Docking server for the identification of heparin binding sites on proteins

Abstract

Many proteins of widely differing functionality and structure are capable of binding heparin and heparan sulfate. Since crystallizing protein-heparin complexes for structure determination is generally difficult, computational docking can be a useful approach for understanding specific interactions. Previous studies used programs originally developed for docking small molecules to well-defined pockets, rather than for docking polysaccharides to highly charged shallow crevices that usually bind heparin. We have extended the program PIPER and the automated protein-protein docking server ClusPro to heparin docking. Using a molecular mechanics energy function for scoring and the fast Fourier transform correlation approach, the method generates and evaluates close to a billion poses of a heparin tetrasaccharide probe. The docked structures are clustered using pairwise root-mean-square deviations as the distance measure. It was shown that clustering of heparin molecules close to each other but having different orientations and selecting the clusters with the highest protein-ligand contacts reliably predicts the heparin binding site. In addition, the centers of the five most populated clusters include structures close to the native orientation of the heparin. These structures can provide starting points for further refinement by methods that account for flexibility such as molecular dynamics.
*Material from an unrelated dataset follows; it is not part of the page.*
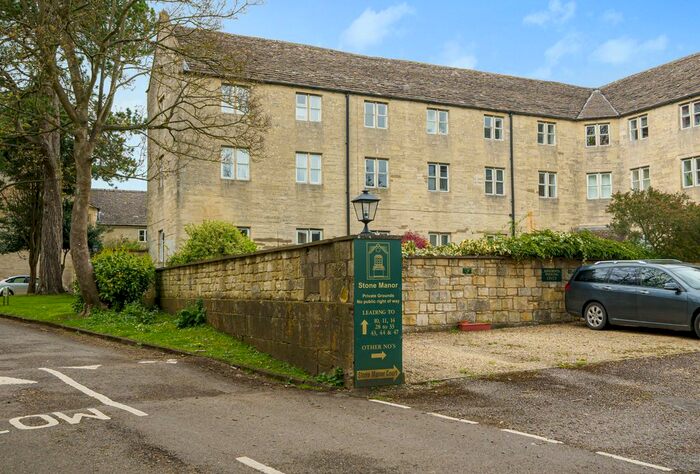 2 Bedroom Flat For Sale In Bisley Road, Stroud, Gloucestershire, GL5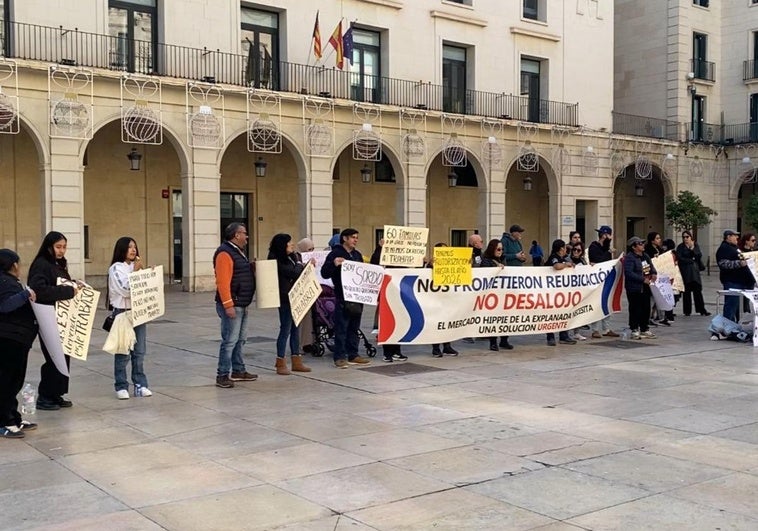 Los 'hippies' de la Explanada se manifiestan frente al Ayuntamiento.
The heparin docking method is available as an advanced option of the ClusPro server at http://cluspro.bu.edu/ .

Figure 1

Best results and contact maps of the five test systems. (left) Unbound protein shown with the actual heparin pose (in green sticks). The best predicted pose is shown in thin, cyan sticks. (right) Contact maps. Red (hot) areas have large number of contacts with the docked heparin poses, white areas have fewer, and dark areas have none.

Figure 2

Atom–atom contacts between heparin chains and protein residues. Predicted heparin chains are shown in blue; actual chains (normalized) are in orange. The x-axis is protein residue sorted by residue number where only residues that had at least one atom–atom contact are included for clarity.

Figure 3

Results for Annexin V (PDB IDs 1G5N for the bound structure, 2IE7 for the unbound). Calcium ions are shown as green spheres. (A) Best predicted structure shown as thin cyan sticks. The native binding mode is shown in green. Notice that as in many other cases, the predicted structure is closer to the surface than the native one. (B) Heat map based on heparin docking. Red (hot) areas have large number of contacts with the docked heparin poses, white areas have fewer, and dark areas have none.

Figure 4

Results for human fibronectin (Unbound PDB 1FNH). Subunit FN13 is on the left and FN14 is on the right. (A) Predicted heparin binding residues are shown in blue. For FN13 we show the predicted heparin poses ranked 1 (magenta) and 8 (green). For FN14 we show the poses ranked 1 (cyan) and 2 (yellow). (B) Same as A with the protein shown as a cartoon. The R and K residues of the heparin binding site are shown as sticks. Only the top ranked heparin poses are shown.